* [Work instructions]:
When the line containing "Vase en bois naturel tourné - WILY" is reached, begin reproducing lines exactly and continue through the last line of the records below.

Start of Data shown

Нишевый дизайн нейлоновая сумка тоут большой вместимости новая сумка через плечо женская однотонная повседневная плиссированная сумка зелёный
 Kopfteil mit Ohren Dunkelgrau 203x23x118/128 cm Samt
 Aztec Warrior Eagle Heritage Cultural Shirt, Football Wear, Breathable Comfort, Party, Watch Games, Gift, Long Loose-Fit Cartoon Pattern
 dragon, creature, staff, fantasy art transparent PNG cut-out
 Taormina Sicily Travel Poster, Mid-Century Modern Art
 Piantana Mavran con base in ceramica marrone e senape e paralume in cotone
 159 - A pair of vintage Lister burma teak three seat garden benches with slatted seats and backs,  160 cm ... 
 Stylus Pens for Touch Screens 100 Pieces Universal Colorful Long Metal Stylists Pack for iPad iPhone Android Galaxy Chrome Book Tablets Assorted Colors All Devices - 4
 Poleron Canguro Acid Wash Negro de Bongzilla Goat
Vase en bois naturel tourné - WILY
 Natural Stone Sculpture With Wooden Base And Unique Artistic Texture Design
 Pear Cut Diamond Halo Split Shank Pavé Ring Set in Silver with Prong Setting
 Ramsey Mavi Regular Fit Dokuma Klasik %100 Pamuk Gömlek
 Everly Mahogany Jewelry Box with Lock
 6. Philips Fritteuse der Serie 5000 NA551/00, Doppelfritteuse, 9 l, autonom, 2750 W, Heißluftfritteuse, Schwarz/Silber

End of Data shown

* [Solution]:
Vase en bois naturel tourné - WILY
 Natural Stone Sculpture With Wooden Base And Unique Artistic Texture Design
 Pear Cut Diamond Halo Split Shank Pavé Ring Set in Silver with Prong Setting
 Ramsey Mavi Regular Fit Dokuma Klasik %100 Pamuk Gömlek
 Everly Mahogany Jewelry Box with Lock
 6. Philips Fritteuse der Serie 5000 NA551/00, Doppelfritteuse, 9 l, autonom, 2750 W, Heißluftfritteuse, Schwarz/Silber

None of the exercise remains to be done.